# Homework 9 - Descriptive Notebook

In this homework notebook, we will create and train our own SkipGram embedding, by using the speech from Martin Luther King in the text.text file.

Get familiar with the code and write a small report (2 pages max), with answers to the questions listed at the end of the notebook.

**The report must be submitted in PDF format, before April 4th, 11.59pm!**

Do not forget to write your name and student ID on the report.

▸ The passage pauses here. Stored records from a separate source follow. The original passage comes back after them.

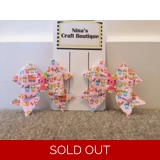 Easter Hair Bow Set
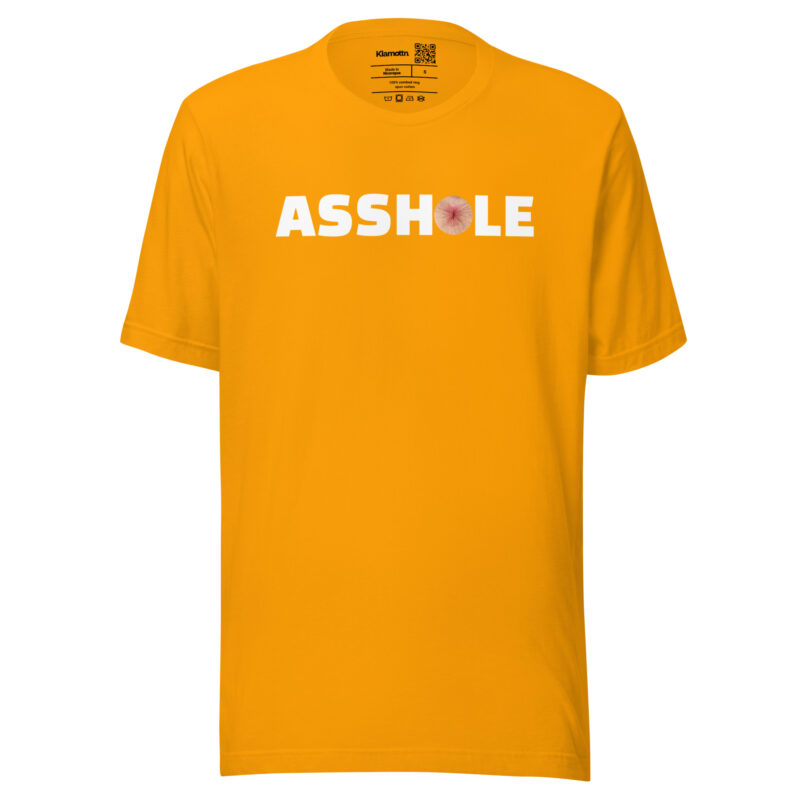 Asshole Unisex-T-Shirt – T-Shirts – klamottn.de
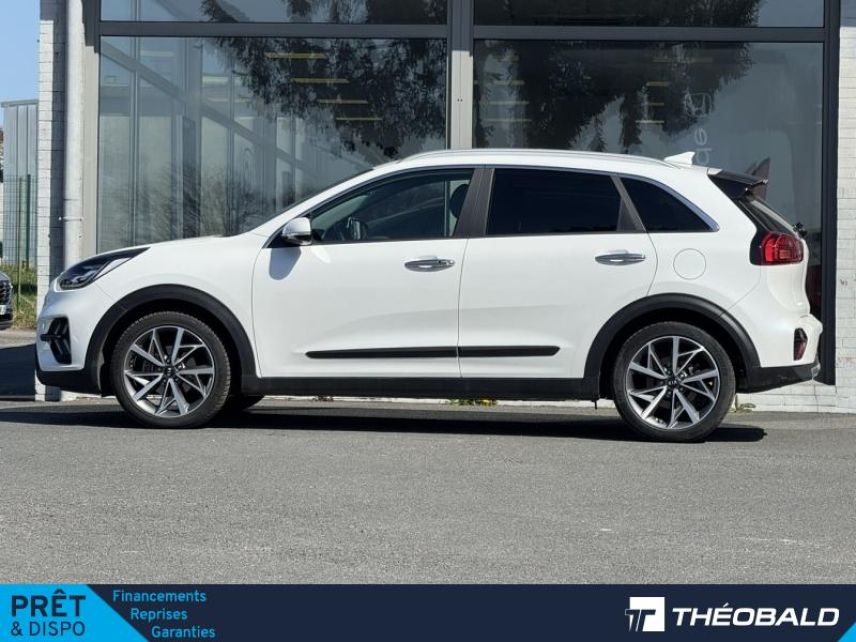 57200 : Hyundai Sarreguemines - Theobald Automobiles - KIA Niro - Niro - Blanc Celeste - Traction - Hybride : Essence/Electrique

You may also submit your own copy of the notebook along with the report. If you do so, please add your name and ID to the cell below.

In [4]:
# Name: Amarjyot Kaur
# Student ID: 1003084

### Imports needed

Note, we strongly advise to use a CUDA/GPU machine for this notebook.

Technically, this can be done on CPU only, but it will be very slow!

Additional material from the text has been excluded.